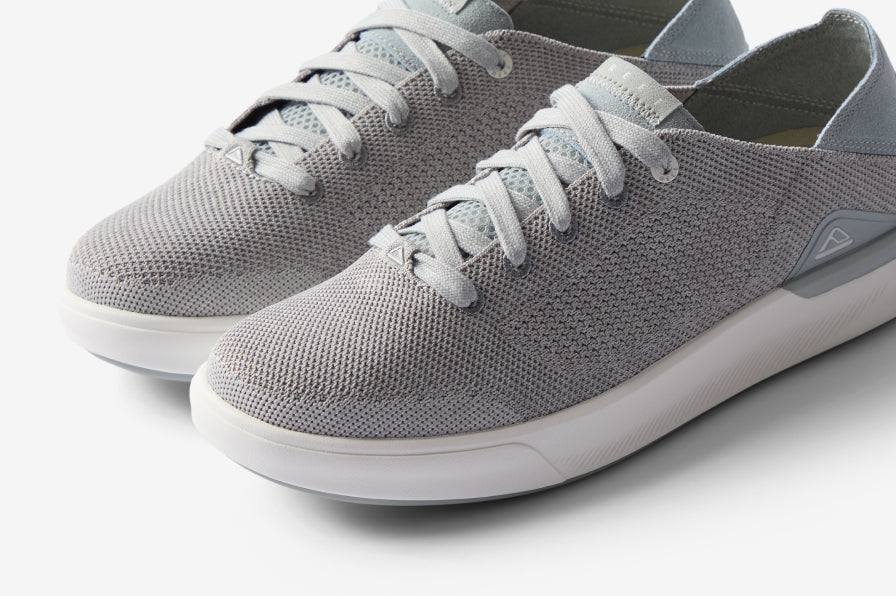Close-up of light gray sneakers facing forward with breathable knit uppers and cushioned midsoles for all-day comfort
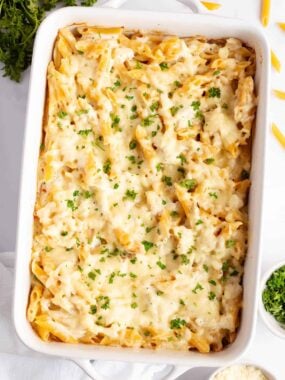 Whole chicken alfredo bake casserole in a baking dish with penne pasta, creamy sauce, melted cheese, and parsley.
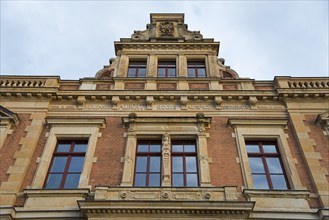 Historic brick façade with ornate windows and architectural details, St. Augustin Grammar School,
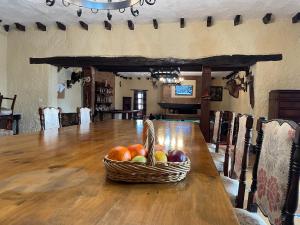 a basket of fruit sitting on a wooden table at Casa rural Finca Requejo cerca de Benavente TR 49426 in Manganeses de la Polvorosa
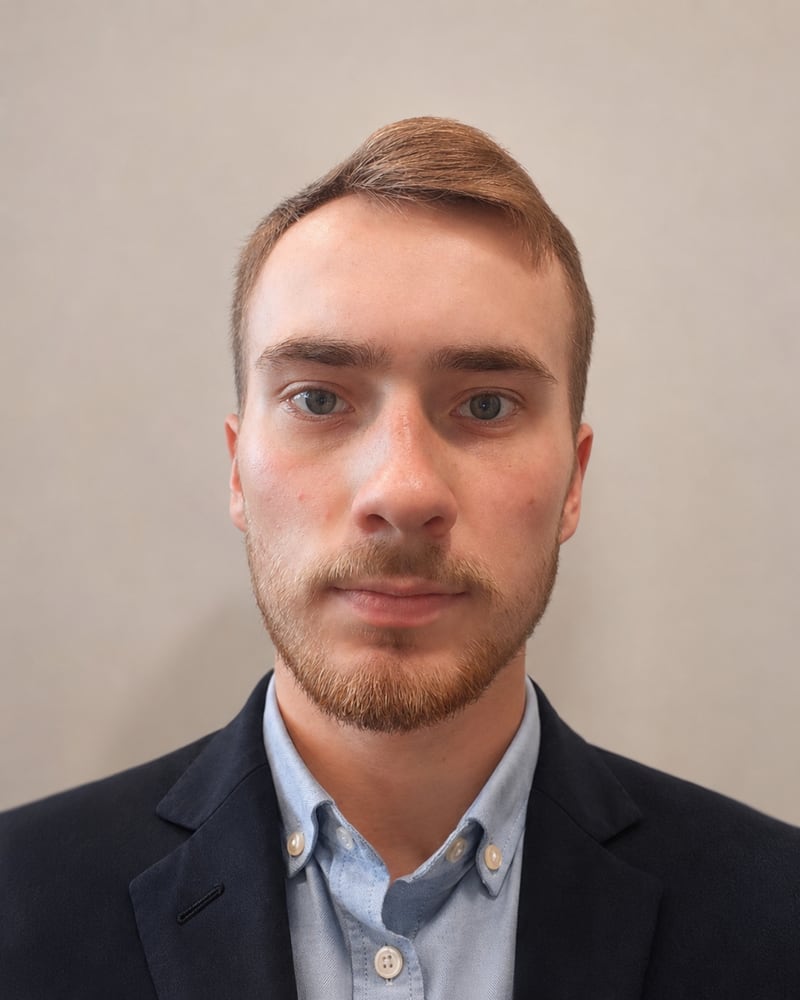 Pavels Kozemjakins, head and shoulders, in a navy jacket and light blue shirt against a plain wall.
- - -
• **Exercise brief**:
Your answer must be an exact copy of the entries above, with no pictures in it.

• **Written reply**:
Close-up of light gray sneakers facing forward with breathable knit uppers and cushioned midsoles for all-day comfort
 Whole chicken alfredo bake casserole in a baking dish with penne pasta, creamy sauce, melted cheese, and parsley.
 Historic brick façade with ornate windows and architectural details, St. Augustin Grammar School,
 a basket of fruit sitting on a wooden table at Casa rural Finca Requejo cerca de Benavente TR 49426 in Manganeses de la Polvorosa
 Pavels Kozemjakins, head and shoulders, in a navy jacket and light blue shirt against a plain wall.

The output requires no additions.